The key is to calculate the break-even point – how long it will take for your interest savings from a lower mortgage rate to exceed what you paid for your discount points. If you can recoup your costs in five years or so, that’s often a good deal.
A big consideration is how long you expect to have the mortgage. If you sell the home or refinance the mortgage before reaching your break-even point, you’ll have lost money. Or if you do so only a year or two after reaching it, your savings might not be enough to make it worthwhile.
Discount points work best for someone who expects to stay in their home and not refinance for a long time. Over 20-30 years, the savings can be substantial – in the tens of thousands of dollars. However, if it takes a long time to reach your break-even point, say 10-15 years, you have to ask yourself whether the small savings you’ll realize each month are worth the trouble, even if you expect to stay in the home longer than that.
Because discount points are prepaid interest, they can also be deductible as mortgage interest on your tax return if you itemize deductions. However, fewer borrowers are itemizing these days due to recent changes in tax laws.
This mortgage points break-even calculator can help you determine how much you’ll save each month, when you’ll reach your break-even point and what your interest savings or costs will be for any point in the loan.
How much do discount points cost?
The price for discount points is always the same, regardless of lender: 1 percent of the loan amount for each point. That’s where the name comes from – in financial terminology, 1 percent is commonly referred to as a “point.” So if you have a $300,000 loan, one point will cost $3,000.
How much a discount point will reduce your rate varies from lender to lender, but is often between one-eighth to one-quarter of a percent. So buying one point might reduce a 5 percent rate to 4.875 percent or 4.75 percent, for example.
You can buy multiple points, fractions of a point and even negative points (more on that later). How many you can buy depends on the lender and your loan. Some lenders may let you buy 3-4 points; others may limit you to only one or two. That’s something you want to check into when shopping for a mortgage and comparing offers.
You can pay for discount points up front if you wish, but they’re often rolled into the loan. So you start with a somewhat higher balance but the lower rate means your monthly payments are less.
Calculating the break-even point
Determining your break-even point isn’t just a matter of figuring how long it will take your monthly savings from a lower rate to exceed the cost of the points. You also want to take into account how it will affect your loan amortization, or how quickly you build home equity. That’s money in your pocket as well.
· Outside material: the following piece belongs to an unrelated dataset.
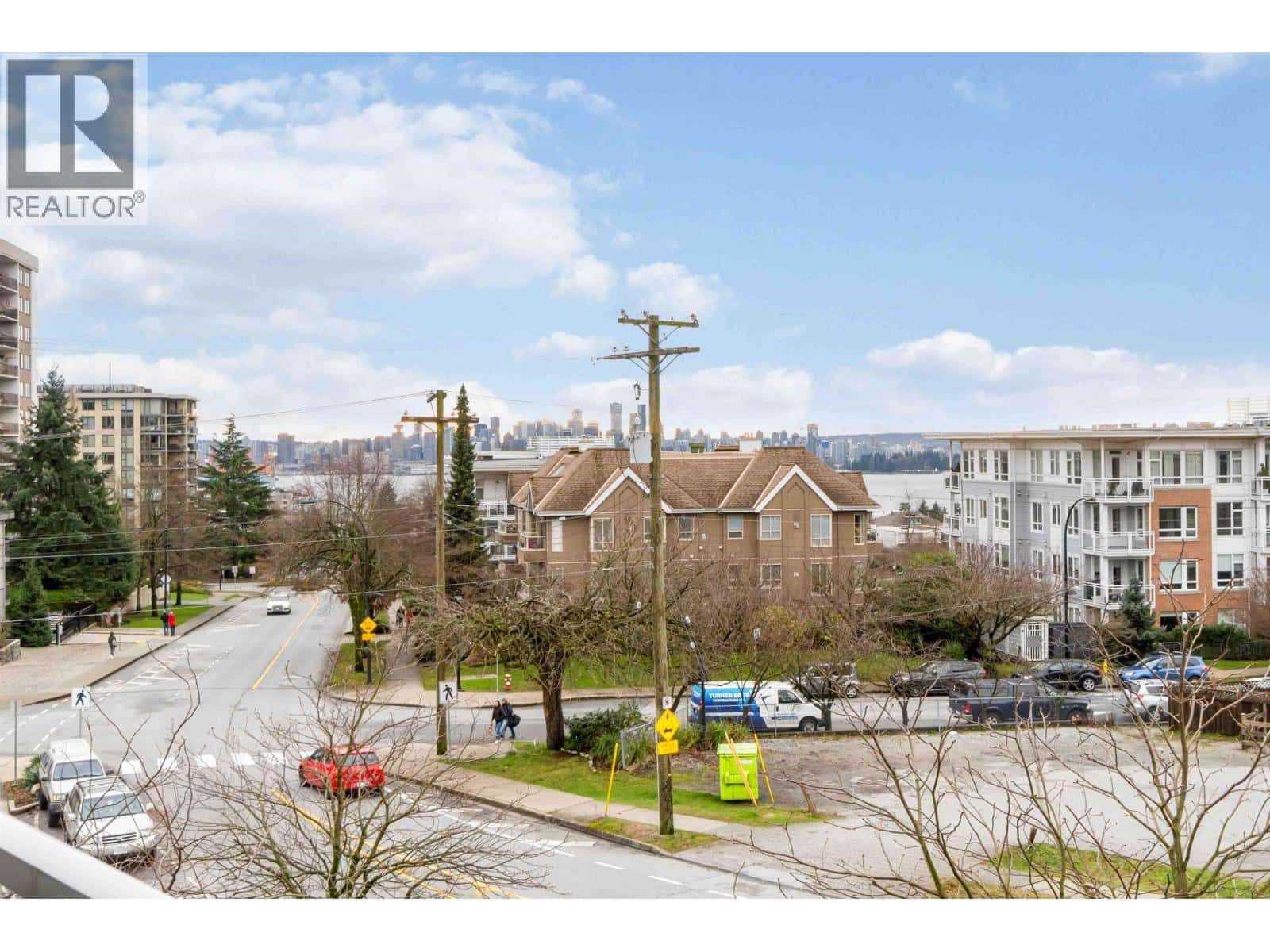 213 1288 CHESTERFIELD AVENUE — North Vancouver, British Columbia - Photo 2 of 37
This mortgage points calculator does that for you. It takes into account not only your monthly interest savings but also how much faster you’re paying down loan principle to determine your overall savings and help you calculate your break-even point.
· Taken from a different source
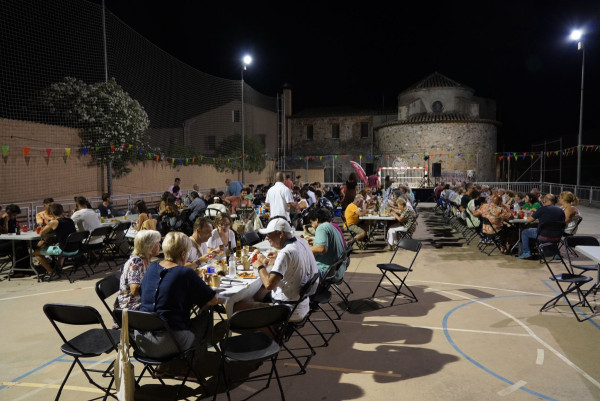 El barri de Santa Maria de Vilalba d'Abrera ha celebrat la seva Festa Major d'enguany, del dijous 25 al diumenge 28 de juliol, amb gran èxit d'assistència i participació!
About negative points and fractional points
Negative discount points are an option a lender may offer to reduce closing costs. They work just opposite of positive discount points – instead of paying money to receive a lower rate, you are essentially given money (to cover costs) in return for a higher rate.
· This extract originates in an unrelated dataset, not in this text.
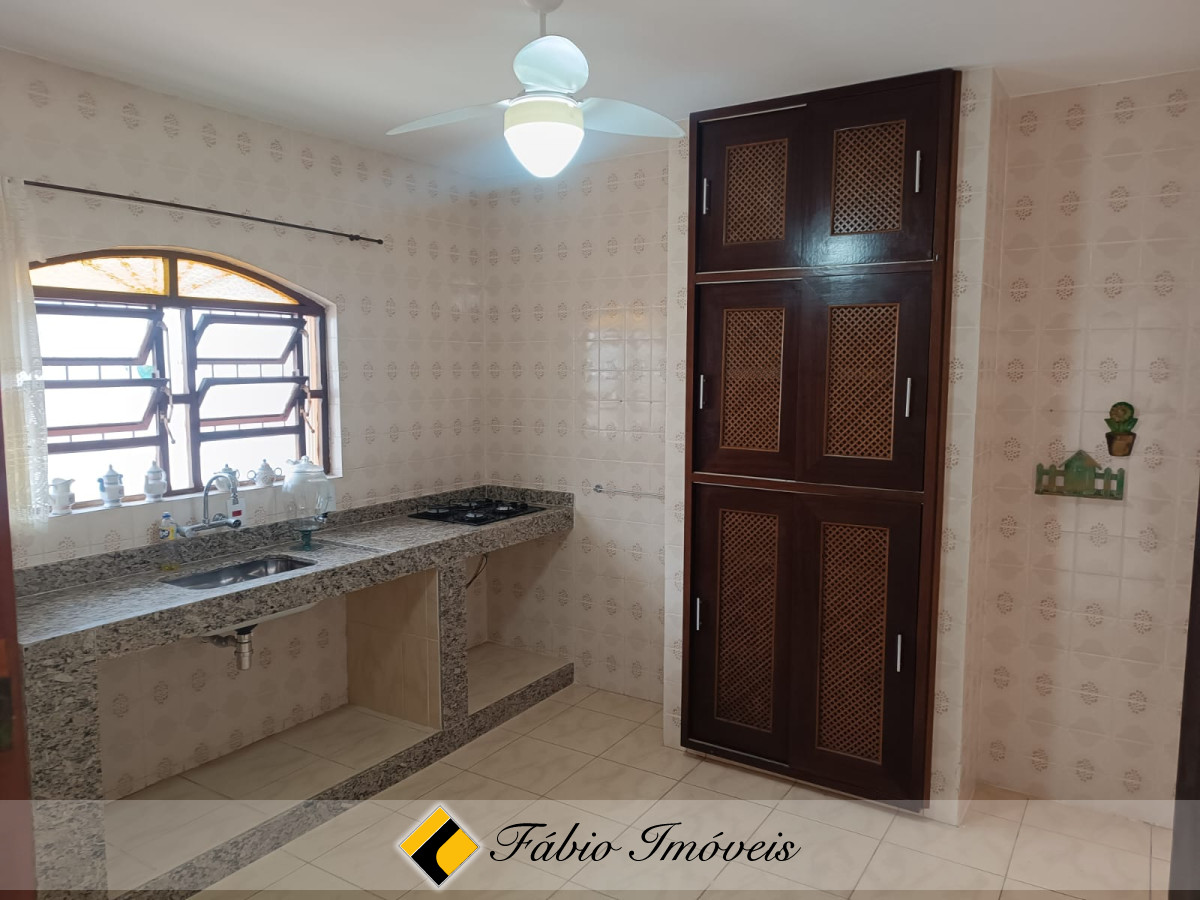 Linda casa na região central de Peruíbe e a apenas 500m da praia! – Foto 11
These are often a feature of “no closing cost” mortgages, where the borrower accepts a higher rate in return for not having to pay closing costs up front. This Mortgage Points Calculator allows you to use either positive or negative discount points.
Fractional points are commonly used by lenders to round off a rate to a standard figure, such as 4.75 percent, rather than something like 4.813 percent. Mortgage rates are typically priced in steps of one-eighth of a percent, like 4.5, 4.625, 4.75, 4.875 percent, etc., but the actual pricing is more precise than that. So lenders may charge or credit a fractional point, like 0.413 points or 1.274 points to produce a conventional figure for the mortgage rate.